D. Monnier, correspondant de la Société Royale des Antiquaires de France, envisageait dès 1823 la possibilité de réaliser des cartes géographiques reproduisant l'extension des phénomènes phonétiques(292). En 1844, Nabert marquait les territoires respectifs du gaélique écossais et de l'anglais. En 1866, Schuchardt soulignait le fait que, si l'on parle de frontières linguistiques, ce n'est jamais que d'une manière métaphorique; pour lui, les dialectes s'enchevêtrent et s'entrecoupent de telle sorte qu'il est impossible de fixer des limites stables et reconnues(293). En 1878, enfin, Sébillot présente à l'Exposition Universelle de Paris une carte linguistique de la Bretagne, qui distingue les territoires gallo et briton. Tout alentour du travail de Francisque Michel sur la langue écossaise, se développait donc une série d'indices qui colorent politiquement les présupposés idéologiques de son travail philologique. En effet, montrer que le vocabulaire écossais, celui employé dans les Lowlands, est majoritairement constitué de français, c'était prendre partie en faveur d'une romanité originelle -- enfouie mais bien vivante -- qui s'oppose à l'extension celtique; cette celtomanie déferlante qui, au XIXe siècle , en France notamment, voulait voir dans le Celte la langue primitive de toutes les autres langues, une sorte de clé donnant accès au paradis des dénominations originelles. Rejeter dans les iles et les Highlands le gaélique, c'était redonner vie aux succès de la romanité triomphante infusée dans le vieux fonds anglo-saxon; c'était rappeler les luttes qui refoulèrent les Celtes conquérants aux confins du monde civilisé, aux marges d'un monde moderne issu du berceau indo-européen. C'était aussi, en raison des contenus associés à cette opposition des Lowlanders et des Highlanders, bien plus que cela.

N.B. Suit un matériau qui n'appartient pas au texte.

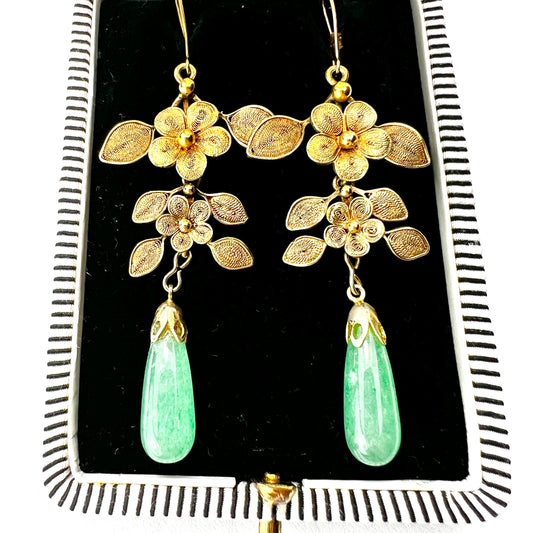 Antique Aventurine Gilt Filigree Chandelier Earrings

En effet, dans un ouvrage contemporain de Bourgoing et de Schleicher, un géographe bien connu par ses guides départementaux attentifs aux singularités géologiques et humaines de chaque terroir, Ad. Joanne, pointait cet antagonisme, le portant à une dimension socio-historique : " Tandis que le système féodal des peuples germaniques s'établissait dans les Lowlands, le système patriarcal des tribus gauloises se maintenait dans les Highlands. Il y eut pendant bien des siècles en Écosse deux peuples, deux langues, deux états de la société, deux formes d'organisation. A l'époque où les lowlanders, qui parlaient l'anglais, étaient engagés dans les cadres politiques et territoriaux d'une société militaire, les sauvages highlanders, qui parlaient le gaélique, étaient divisés en clans, gouvernés par le chef de la parenté ou de la tribu, qu'on servait avec fidélité, pour lequel on se sacrifiait avec dévouement. Ils portaient tous le même nom dans le même clan et ils entretenaient de clan à clan pour les injures souffertes et les meurtres commis ces sentiments héréditaires de vengeance qui sont un des caractères principaux de l'état primitif où la société ne réside encore que dans la famille."(294).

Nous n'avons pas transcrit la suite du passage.